[Collected material — start]

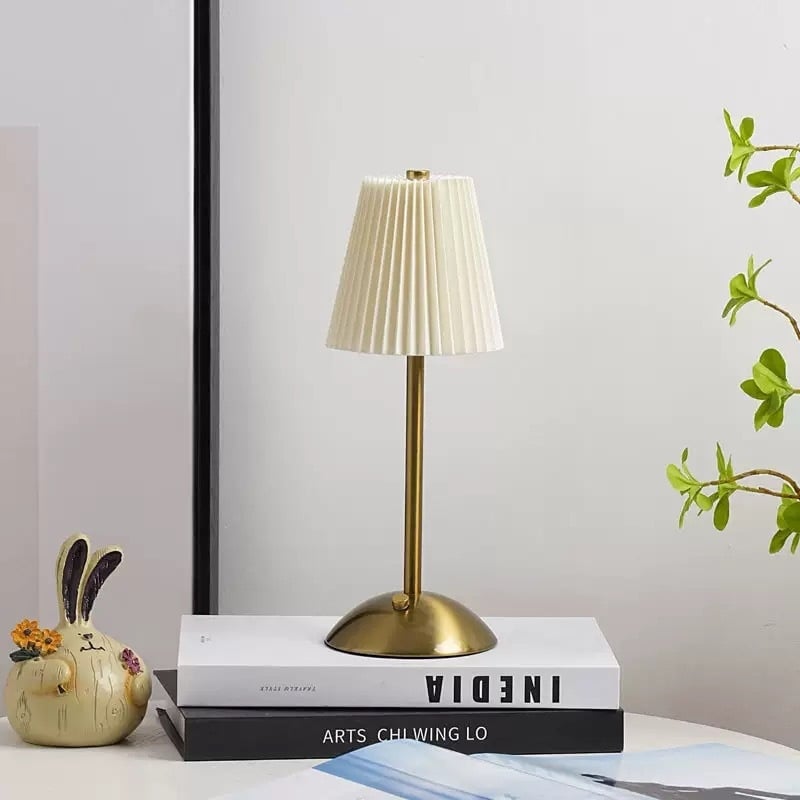 Krištolinė stalų lempa su prisilietimo USB įkrovimu, metalo pagrindas, atmosferinis apšvietimas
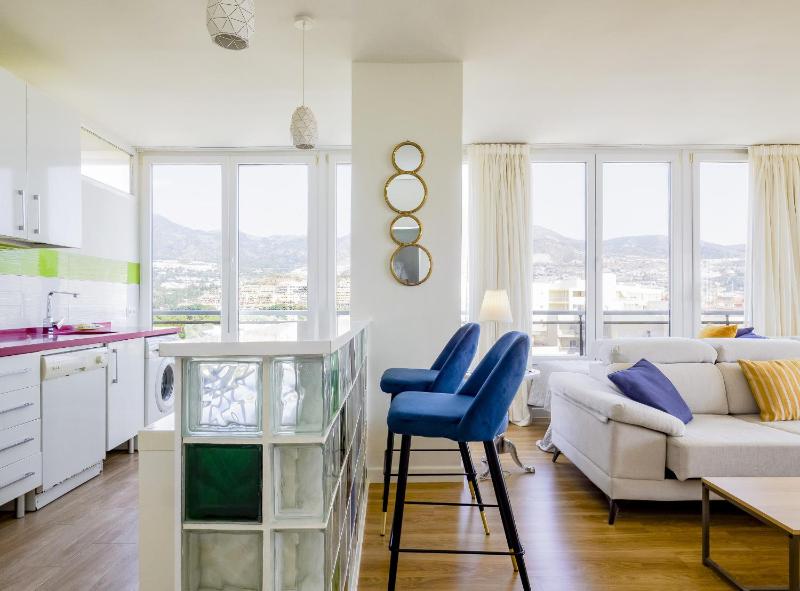 Cubo's Apartment Ronda del Golf Seaview & Parking - image 16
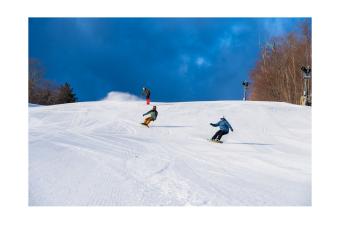 Boarders on Hunter Mountain - Photo by Emily Kokot - Vail Resorts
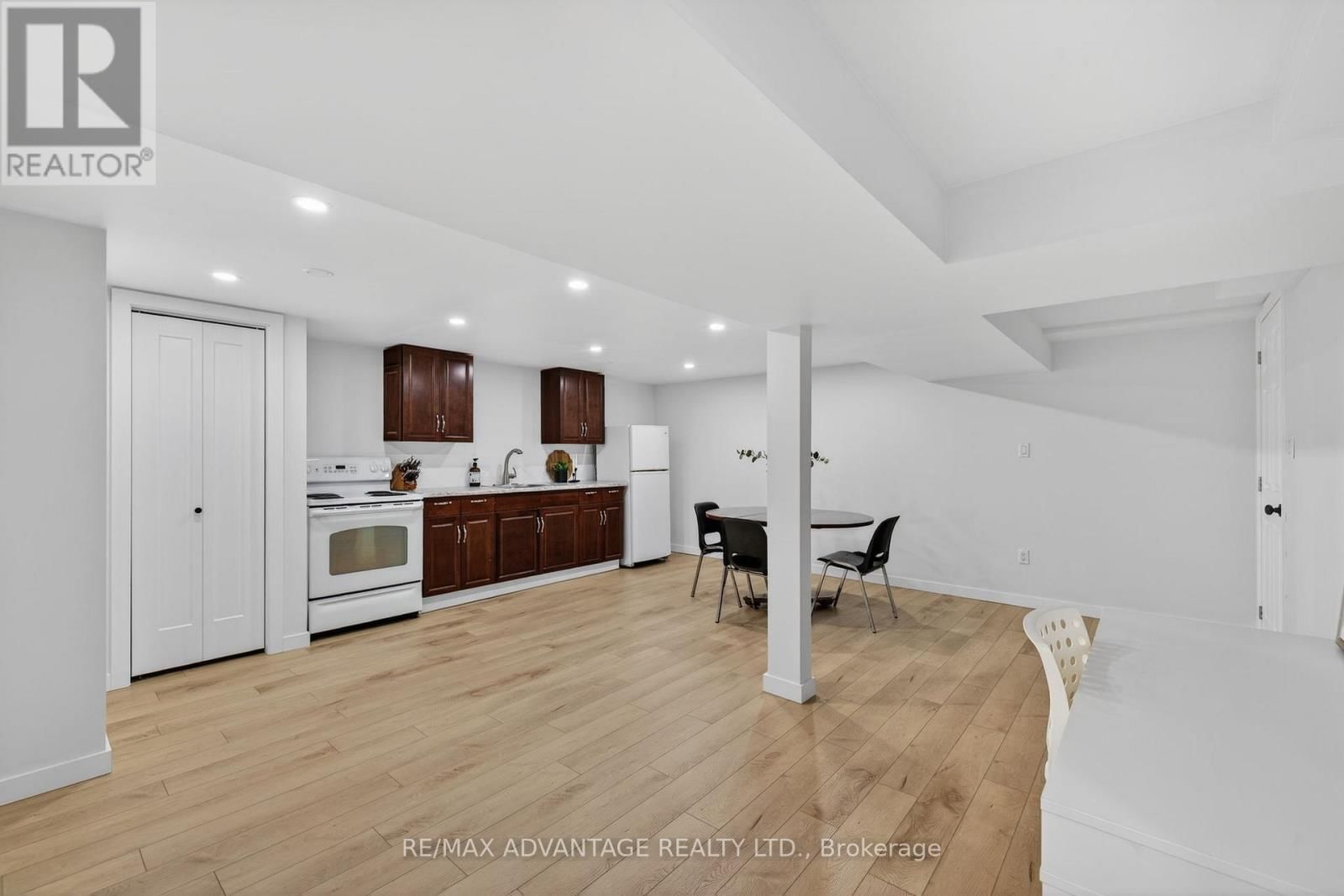 60 WEXFORD AVENUE Image 25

[Collected material — finish]

> Problem to work on
The line with "Boarders on Hunter" and each line after it, through the final line of the data, are to be duplicated exactly, with pictures left out and nothing more included.

> Answer section
 Boarders on Hunter Mountain - Photo by Emily Kokot - Vail Resorts
 60 WEXFORD AVENUE Image 25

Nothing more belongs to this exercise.